He was a shoemaker, a master of his craft and I still treasure the pair he made for me nearly 40 years ago. The "workshop", as we called it was in the same busy street as my primary school which I started at the age of four. He would often stop what he was doing and come to collect me at hometime carrying me on his shoulders back to the shop. Once there, I would be put "on the leather" for an afternoon nap . This was a wooden rack stacked with hides that would later be cut into soles for the handmade shoes.
The shop was full of the smell of leather, ammonia, beeswax, hemp, heel-ball and French chalk.
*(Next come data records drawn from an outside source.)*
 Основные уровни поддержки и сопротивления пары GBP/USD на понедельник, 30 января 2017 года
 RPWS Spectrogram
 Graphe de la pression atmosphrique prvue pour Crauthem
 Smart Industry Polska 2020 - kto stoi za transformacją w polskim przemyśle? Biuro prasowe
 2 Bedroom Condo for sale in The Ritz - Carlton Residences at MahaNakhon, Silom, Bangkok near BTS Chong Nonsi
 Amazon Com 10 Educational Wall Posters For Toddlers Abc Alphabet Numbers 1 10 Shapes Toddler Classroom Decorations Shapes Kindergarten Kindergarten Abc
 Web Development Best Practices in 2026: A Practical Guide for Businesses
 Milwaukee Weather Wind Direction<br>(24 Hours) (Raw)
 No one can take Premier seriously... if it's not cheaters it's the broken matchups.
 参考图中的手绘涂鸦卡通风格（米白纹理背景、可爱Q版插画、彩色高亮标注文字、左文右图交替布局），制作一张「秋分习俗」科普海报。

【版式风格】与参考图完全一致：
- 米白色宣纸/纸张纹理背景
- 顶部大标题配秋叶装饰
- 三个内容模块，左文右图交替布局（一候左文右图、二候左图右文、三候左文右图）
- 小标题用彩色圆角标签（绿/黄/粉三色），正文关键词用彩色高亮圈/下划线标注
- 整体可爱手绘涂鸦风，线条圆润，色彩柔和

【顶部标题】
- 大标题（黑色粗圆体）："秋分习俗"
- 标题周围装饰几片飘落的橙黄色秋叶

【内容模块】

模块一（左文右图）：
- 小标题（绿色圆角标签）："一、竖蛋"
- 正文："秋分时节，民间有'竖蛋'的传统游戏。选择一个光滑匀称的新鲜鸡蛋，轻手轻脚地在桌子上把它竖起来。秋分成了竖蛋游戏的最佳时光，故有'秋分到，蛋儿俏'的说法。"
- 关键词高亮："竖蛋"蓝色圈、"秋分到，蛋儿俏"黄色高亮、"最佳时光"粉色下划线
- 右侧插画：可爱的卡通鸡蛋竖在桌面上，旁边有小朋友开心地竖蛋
These were the heady aromas of the shoemaker's craft that even today trigger involuntary memories of past times - "temps perdus".
It was there that I learned about the uniqueness of the handmade brogues - not only from pair to pair but between left shoe and right. The differences might be miniscule - an extra punch hole in the pattern of one shoe, unconsciously drawing the eye to appreciate the craftsmanship.
In a lesson from my school or the workshop I learned that it is the imperfection in the finished article that makes it beautiful.
In a world of air-brushed glamour, perfection and correctness we may be losing sight of the intrinsic beauty of people and things and this leads me to think of those human "imperfections" that tell our story and let us others sense us as we really are. These "imperfections" might be our errors in speech; a few unwanted kilos; that out-of-place lock of hair.
Or the calloused hand of a master shoemaker.